To do ML, we can use @JimB's guess as to what the number of realizations are in each bin, duplicate that many samples in each bin at the bin location, and just use FindDistributionParameters, which is an ML procedure:
data3 = Rationalize[{{18.6, 1}, {18.84, 1}, {19.32, 1}, {19.56,
5}, {19.8, 3}, {20.04, 3}, {20.28, 11}, {20.52, 7}, {20.76,
4}, {21, 12}, {21.24, 13}, {21.48, 9}, {21.72, 22}, {21.96,
18}, {22.2, 37}, {22.44, 18}, {22.68, 22}, {22.92, 42}, {23.16,
20}, {23.4, 43}, {23.64, 33}, {23.88, 30}, {24.12, 36}, {24.36,
28}, {24.6, 32}, {24.84, 19}, {25.08, 18}, {25.32, 10}, {25.56,
9}, {25.8, 6}, {26.04, 10}, {26.28, 11}, {26.52, 4}, {26.76,
3}, {27, 2}, {27.24, 3}, {27.48, 4}, {27.72, 3}, {27.96,
1}, {28.92, 1}, {29.16, 1}}, 0];
datamess = Flatten[Table[data3[[i, 1]], {i, Length[data3]}, {j, 1, data3[[i, 2]]}]];
H1 = FindDistributionParameters[datamess, WeibullDistribution[a0, a1, a2], WorkingPrecision -> 30]
QQ1 = QuantilePlot[datamess, WeibullDistribution[a0, a1, a2] /. H1, PlotLabel -> "3 parm Weibull", ImageSize -> Medium];
H2 = FindDistributionParameters[datamess, WeibullDistribution[a0, a1], WorkingPrecision -> 30]

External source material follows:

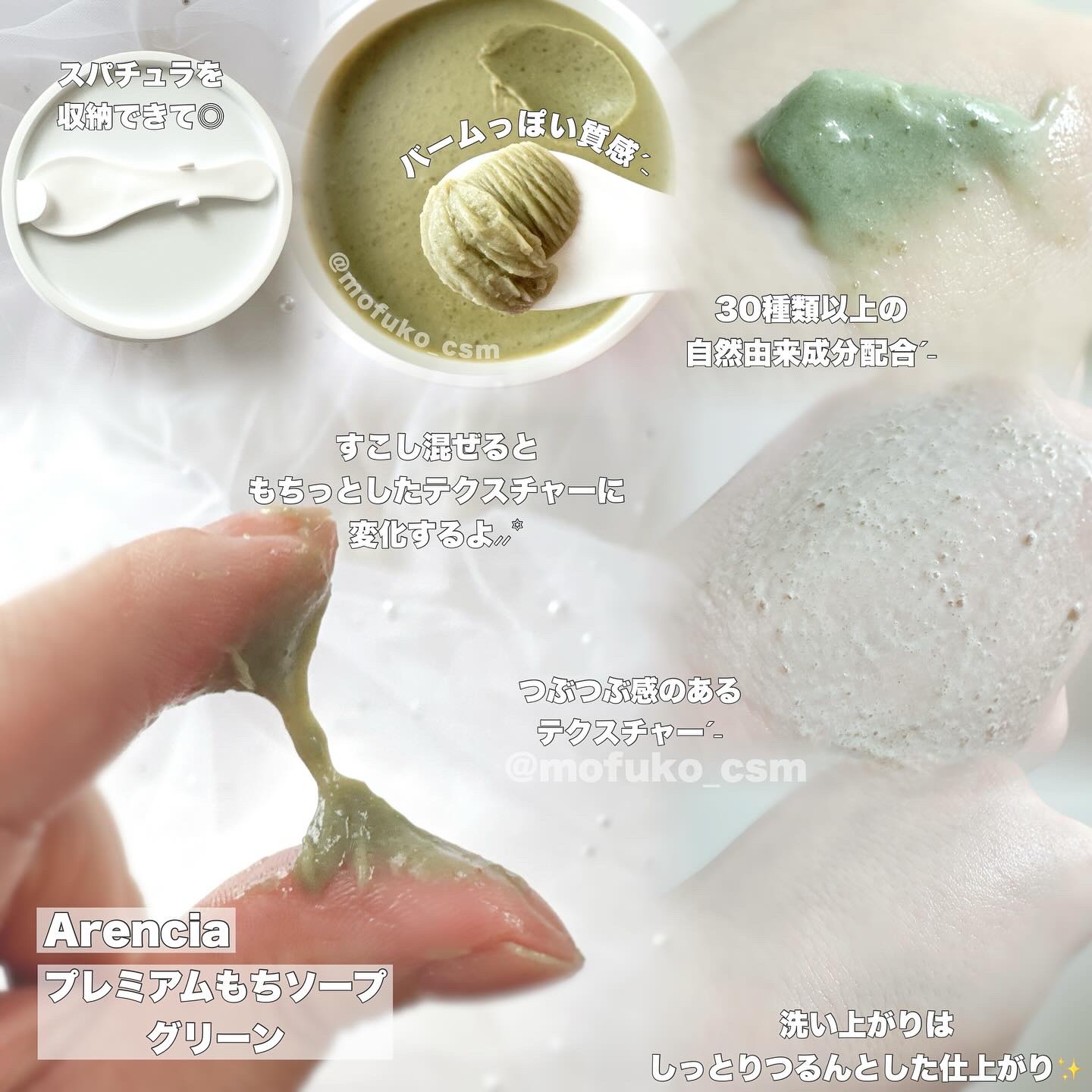 プレミアムもちソープ「グリーンアルティザン」/アレンシア/その他洗顔料を使ったクチコミ（2枚目）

QQ2 = QuantilePlot[datamess, WeibullDistribution[a0, a1] /. H2, PlotLabel -> "2 parm Weibull", ImageSize -> Medium];
H3 = FindDistributionParameters[datamess, NormalDistribution[a0, a1], WorkingPrecision -> 30]
QQ3 = QuantilePlot[datamess, NormalDistribution[a0, a1] /. H3, PlotLabel -> "Normal", ImageSize -> Medium];
Print[QQ1, QQ2, QQ3]
Which gives us
From the QQ plots, we can see the problem with just duplicating samples, we get a dotted step pattern $...\cdots$. Despite this, it is quite clear that the Normal distribution (see left tail) fits slightly better than the 3 parameter Weibull, which in turn fits much better than the 2 parameter Weibull.